The Soul of the Indian


(My note: This passage of the book is translated by me from the original Czech version, so there might be some mistakes. The page may not match the original either).

The advent of white ways, page 69

“Long before I heard about Christ or saw a white man … I knew God. I sensed what grace was. I saw and loved what is truly beautiful. Civilization has not taught me anything better!”

– Ohiyesa 

The influence of white religion

“Our transition from natural life to the artificial life of civilization has caused enormous spiritual and moral loss. A European who came among us said: “You are children. You can’t do anything, you can’t invent anything. We have one god and he has given us the right to teach and guide all people on Earth. As proof of this, we have his book, an extraordinary counselor, whose every word is true and binding. We are a chosen nation – a superior race. We have heaven with golden gates that will not let any pagans and unbelievers in, and hell, where souls of just such people are tortured forever. We are respectable, truthful, educated, pious, peaceful, we hate cruelty and injustice. Our task is to educate, convert to Christianity and protect the rights and property of the weak and uncivilized.

Those of us who listened to the sermons of the missionaries began to believe that only a white man had a true god, and that things that the Indian had previously considered sacred were the invention of the devil. This undermined the very foundations of our philosophy. This often happened without being replaced by Christian philosophy, not because the very qualities of Christian philosophy were worthless, but because the conflicting behavior of their followers made it difficult for us to accept or understand.

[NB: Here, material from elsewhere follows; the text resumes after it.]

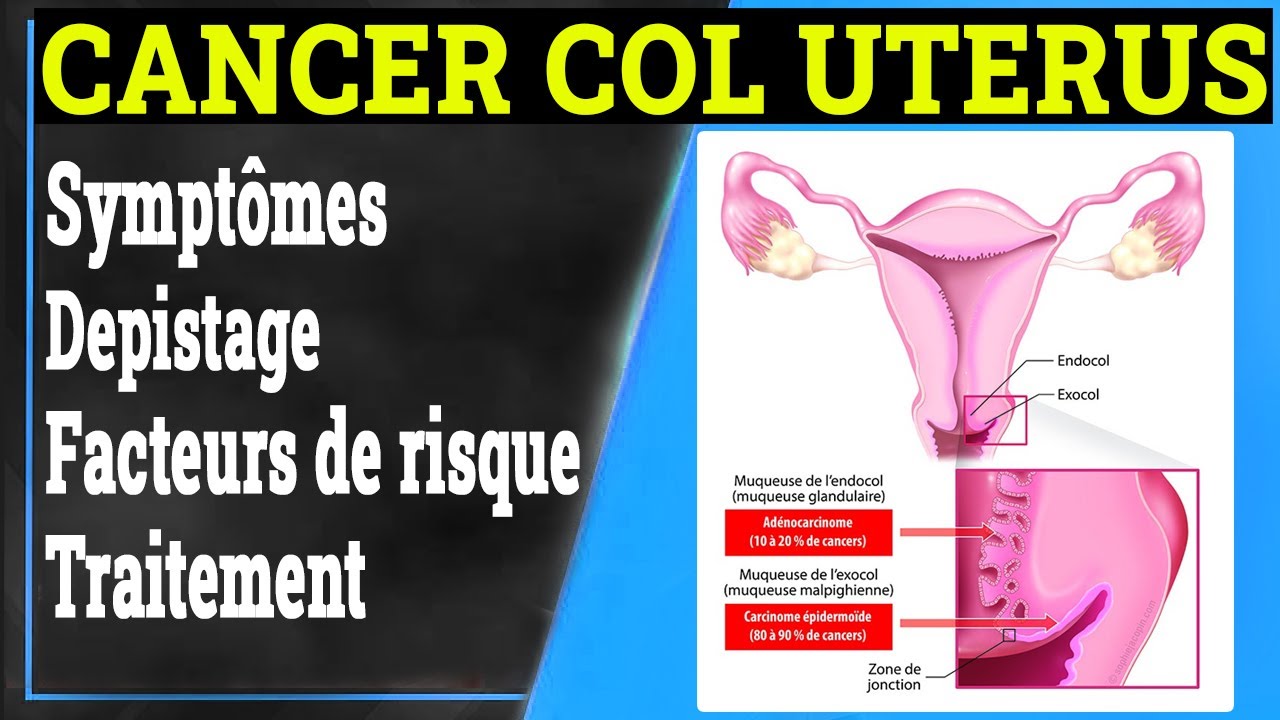 Cancer du Col de l'Utérus: Symptômes, Causes, Traitement | Gynécologie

Some of us have accepted the god of the white man in good faith. The preacher himself looked like an Indian. He did not avoid hardship, and as he followed and shared the fate of the tribes in the wilderness, the members of the tribe learned to trust him and love him. Then other missionaries came who had houses where they slept and planted gardens and who were embarrassed to sleep in an Indian wigwam or eat their wild food, but for the most part held back and forced the converts into their own clothes and manners. These also had their followers at the right time. But basically, it’s true that although the Indians eagerly sought out rifles and gunpowder, knives and whiskey, some pieces of clothing, and later horses, did not by themselves desire the white man’s food, his houses, his books, his government, or his religion. The two great “civilizers” were, after all, whiskey and gunpowder. And the moment we accepted them, we actually sold our ancestors and all of us unknowingly allowed our own demise. As soon as we left the broad democracy and pure idealism of our beginnings and dared to enter the world game of competition, our helm came loose, we lost our compasses and storms of materialism and conquest swept here and there like leaves in the wind.”